• [Recorded data]

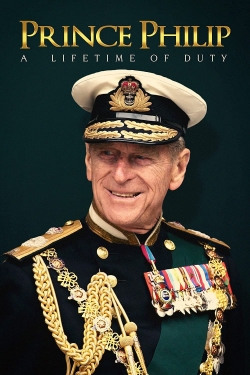 watch free Prince Philip: A Lifetime of Duty hd online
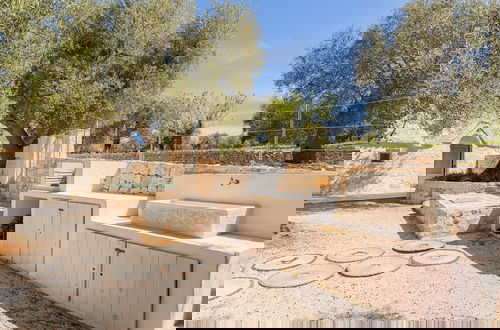 Foto 38 - Trullo del Lazzarone con Jacuzzi by Wonderful Italy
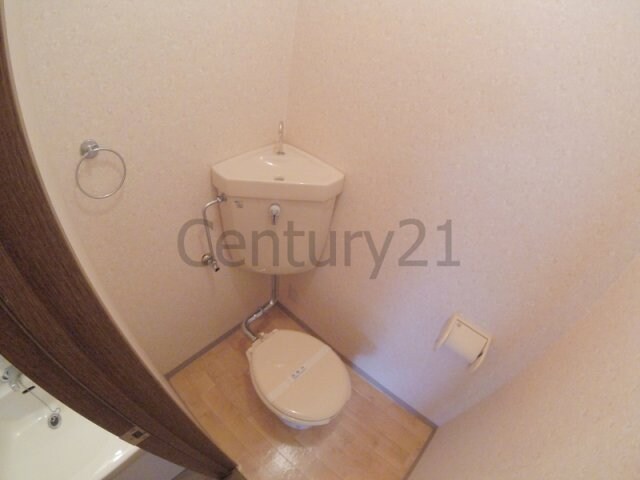 メニーローザ甲東園の物件内観写真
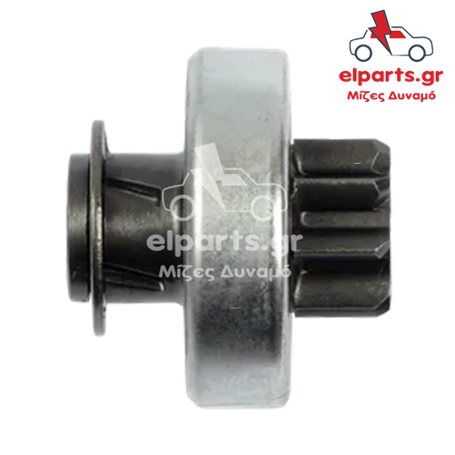 Μίζα Valeo SD3085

• [Problem description]
Transcribe the material exactly, keeping every word and none of the pictures.

• [Response area]
 watch free Prince Philip: A Lifetime of Duty hd online
 Foto 38 - Trullo del Lazzarone con Jacuzzi by Wonderful Italy
 メニーローザ甲東園の物件内観写真
 Μίζα Valeo SD3085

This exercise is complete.